## [EXERCISE BRIEF]
Go through the data and copy every line exactly, but not the images.

Captioned web image data
========================================
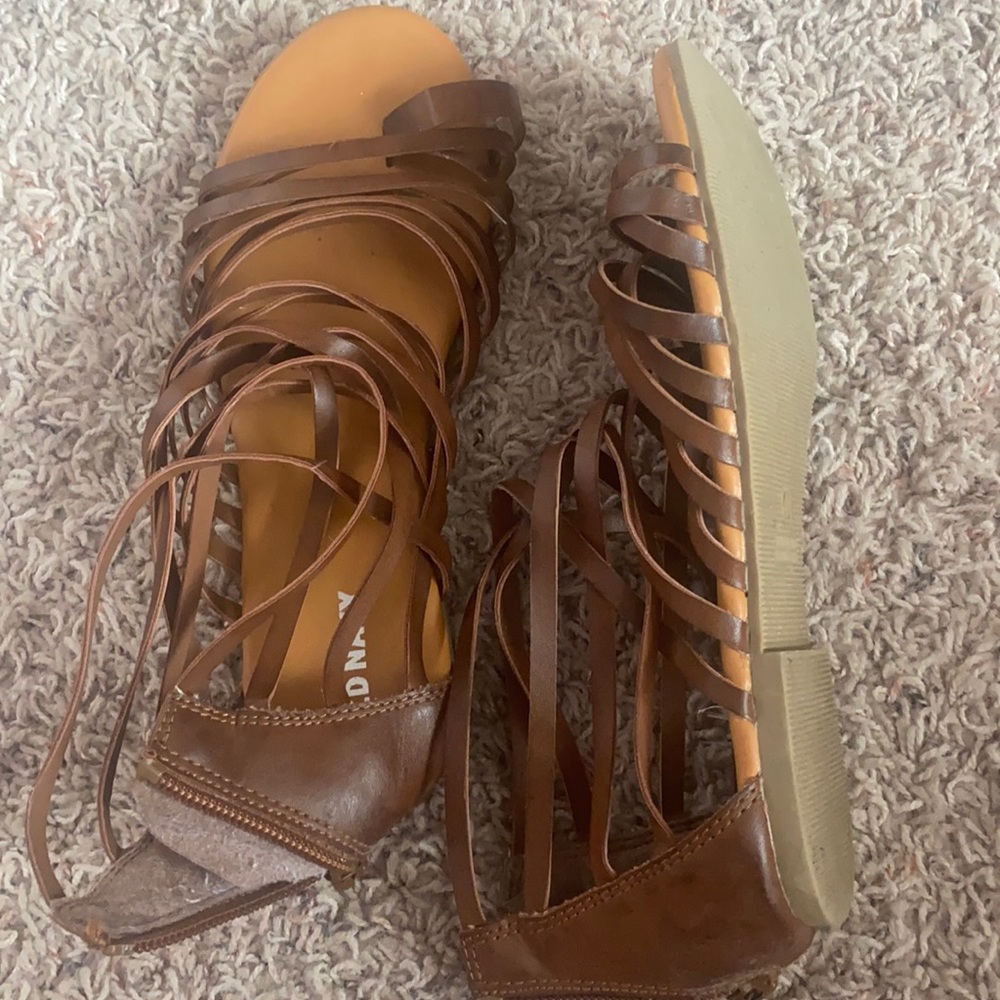 Kids sandals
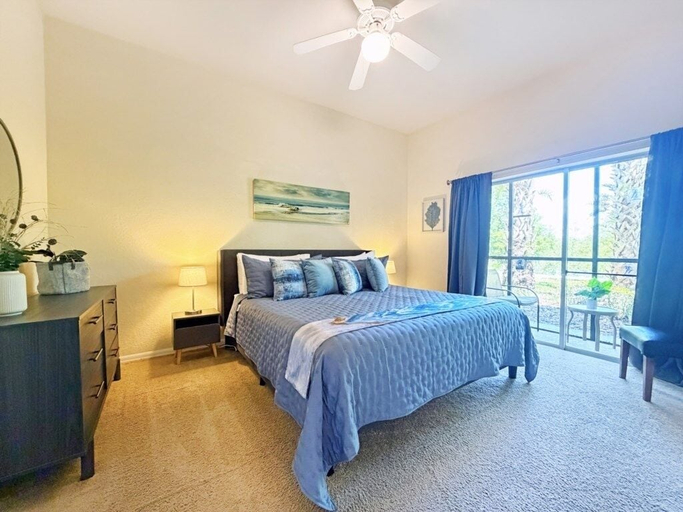 Room 4, Pelican Paradise 3 Bedroom Condo, Polk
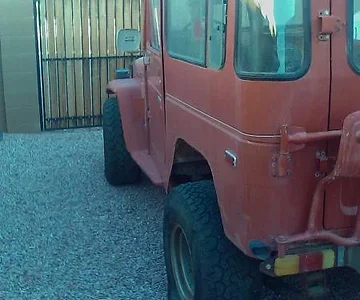 Straight body, except for a little rear rust on the corners.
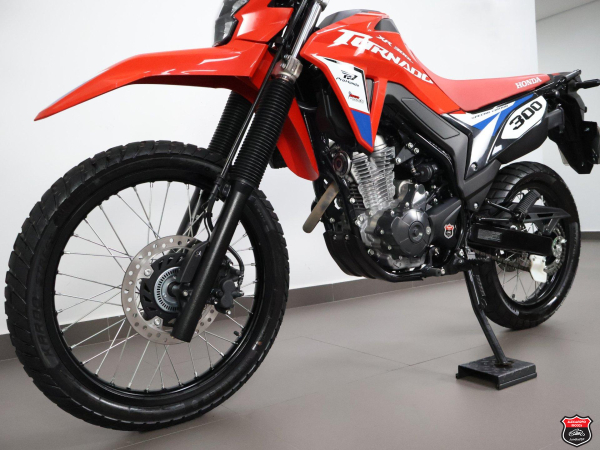 Foto Miniatura Honda XR 300L TORNADO 2026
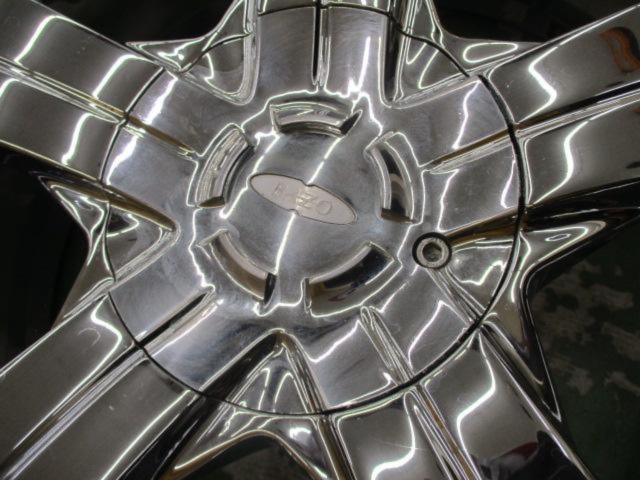 Elford
BAZO
BAZO-B52
+
RADAR
Dimax
R8 +
225 / 35R19
88Y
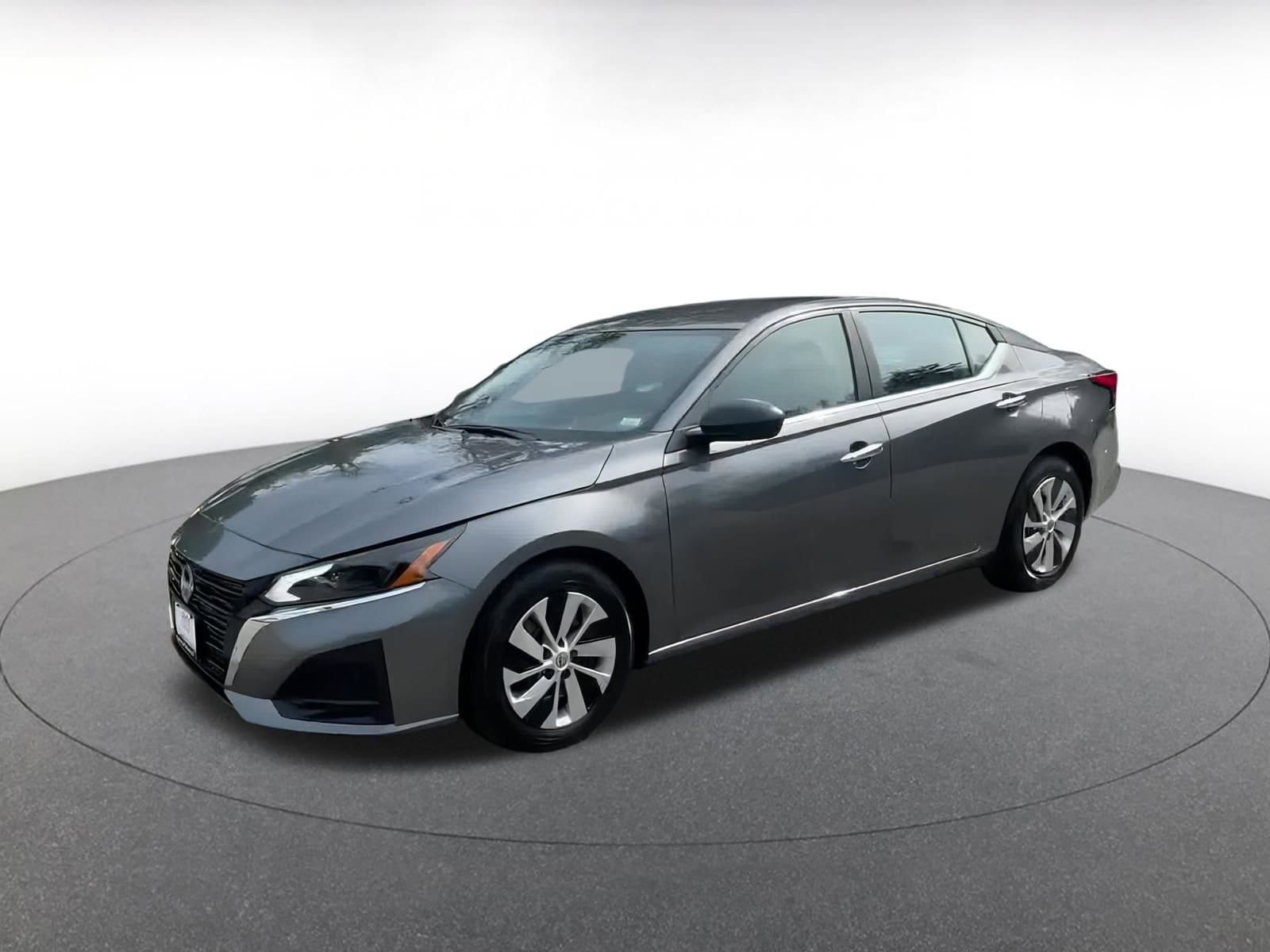 Thumbnail: 2024 Nissan Altima - 8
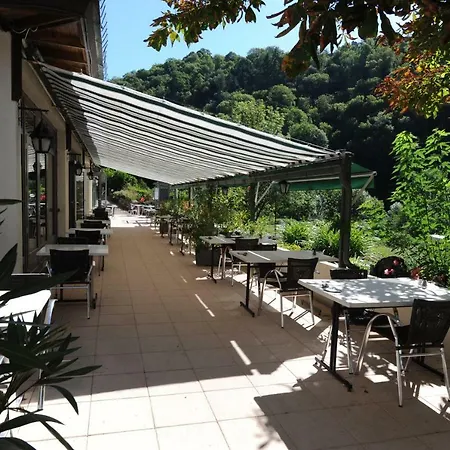 מלון Logis Le Belle Rive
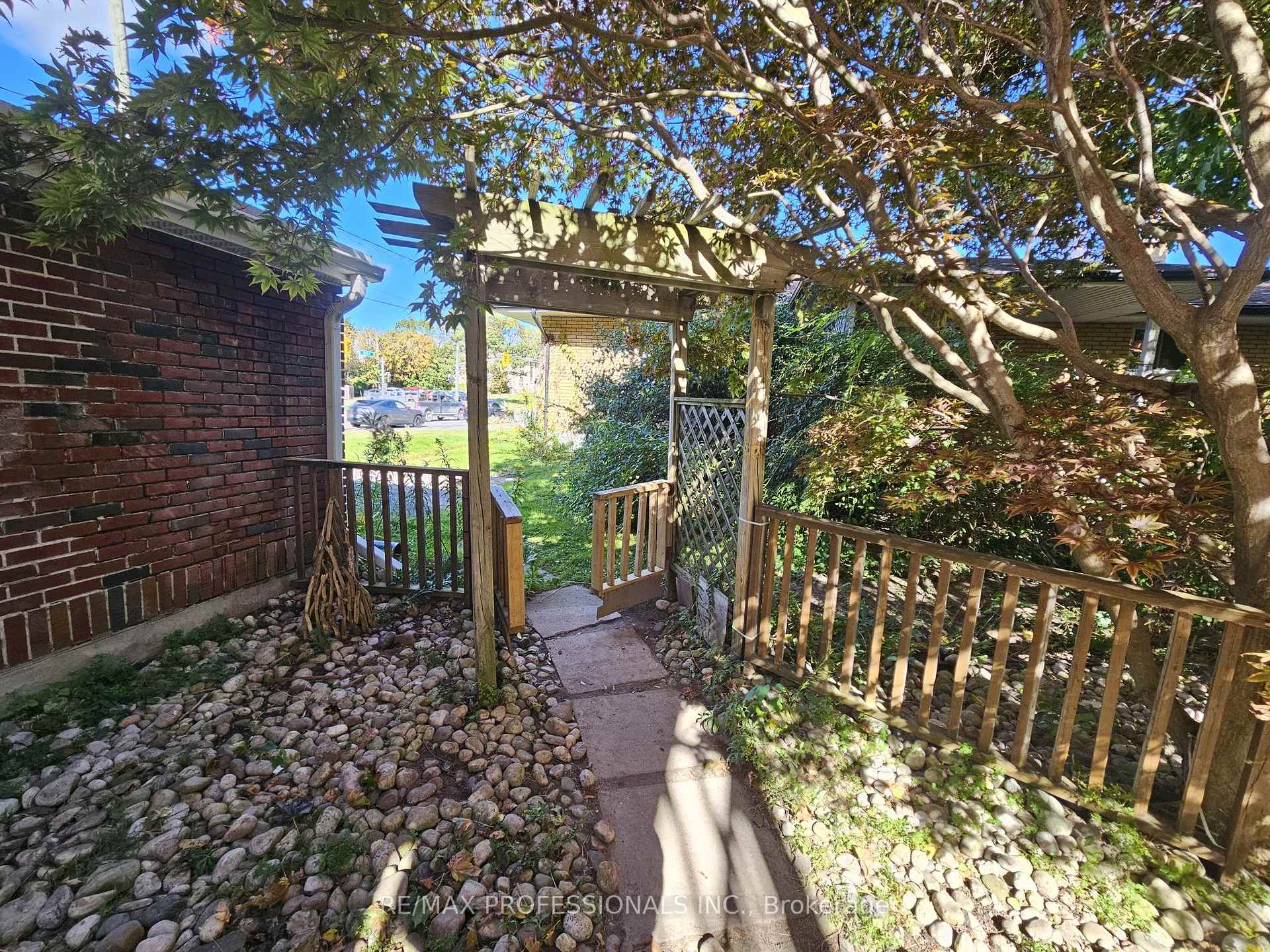 Photo 19 of Unit A-Upper, 119 Erb Street, Waterloo, Uptown Waterloo/North Ward — HOMEH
========================================
## [EXERCISE SOLUTION]
 Kids sandals
 Room 4, Pelican Paradise 3 Bedroom Condo, Polk
 Straight body, except for a little rear rust on the corners.
 Foto Miniatura Honda XR 300L TORNADO 2026
 Elford
BAZO
BAZO-B52
+
RADAR
Dimax
R8 +
225 / 35R19
88Y
 Thumbnail: 2024 Nissan Altima - 8
 מלון Logis Le Belle Rive
 Photo 19 of Unit A-Upper, 119 Erb Street, Waterloo, Uptown Waterloo/North Ward — HOMEH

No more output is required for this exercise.